ERIC Number: EJ848559
Record Type: Journal
Publication Date: 2009-Jul
Abstractor: As Provided
Reference Count: 0
New Hippocampal Neurons Are Not Obligatory for Memory Formation; Cyclin D2 Knockout Mice with No Adult Brain Neurogenesis Show Learning
Jaholkowski, Piotr; Kiryk, Anna; Jedynak, Paulina; Abdallah, Nada M. Ben; Knapska, Ewelina; Kowalczyk, Anna; Piechal, Agnieszka; Blecharz-Klin, Kamilla; Figiel, Izabela; Lioudyno, Victoria; Widy-Tyszkiewicz, Ewa; Wilczynski, Grzegorz M.; Lipp, Hans-Peter; Kaczmarek, Leszek; Filipkowski, Robert K.

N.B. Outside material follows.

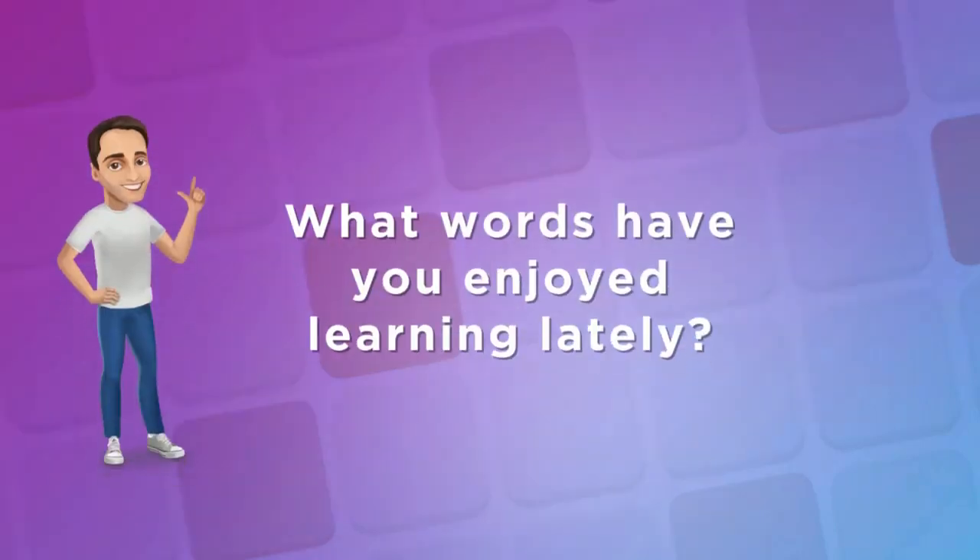Just like in school, there's always more to learn playing Scrabble. What words have you enjoyed learning lately? Let me know in the comments.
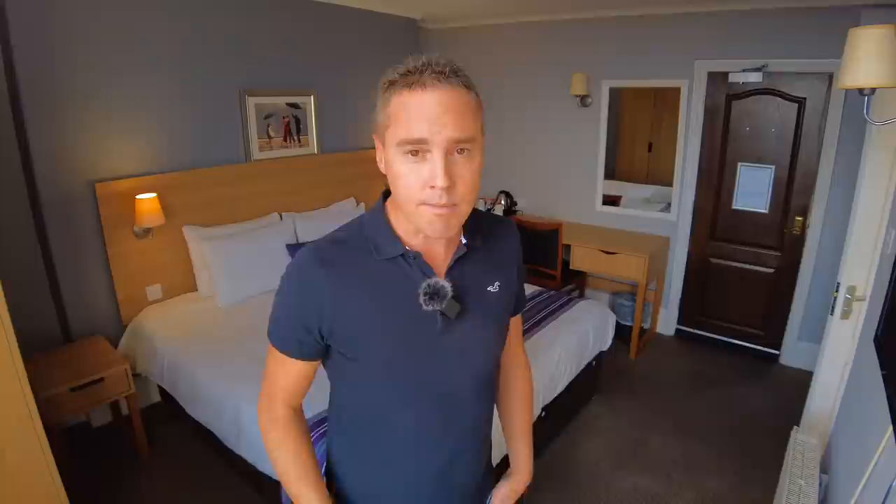You may have seen the reports in the press about bed bugs being on the rise in Paris, and some people questioning whether the flood of bed bugs is going to come over to the UK. The company Rentokil has said they've seen an increase of 65% of infestations in the UK. Now if you're like me, I have a massive phobia of bed bugs thanks to my stay in that caravan in Essex.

Learning & Memory, v16 n7 p439-451 Jul 2009
The role of adult brain neurogenesis (generating new neurons) in learning and memory appears to be quite firmly established in spite of some criticism and lack of understanding of what the new neurons serve the brain for. Also, the few experiments showing that blocking adult neurogenesis causes learning deficits used irradiation and various drugs known for their side effects and the results obtained vary greatly. We used a novel approach, cyclin D2 knockout mice (D2 KO mice), specifically lacking adult brain neurogenesis to verify its importance in learning and memory. D2 KO mice and their wild-type siblings were tested in several behavioral paradigms, including those in which the role of adult neurogenesis has been postulated. D2 KO mice showed no impairment in sensorimotor tests, with only sensory impairment in an olfaction-dependent task. However, D2 KO mice showed proper procedural learning as well as learning in context (including remote memory), cue, and trace fear conditioning, Morris water maze, novel object recognition test, and in a multifunctional behavioral system--IntelliCages. D2 KO mice also demonstrated correct reversal learning. Our results suggest that adult brain neurogenesis is not obligatory in learning, including the kinds of learning where the role of adult neurogenesis has previously been strongly suggested.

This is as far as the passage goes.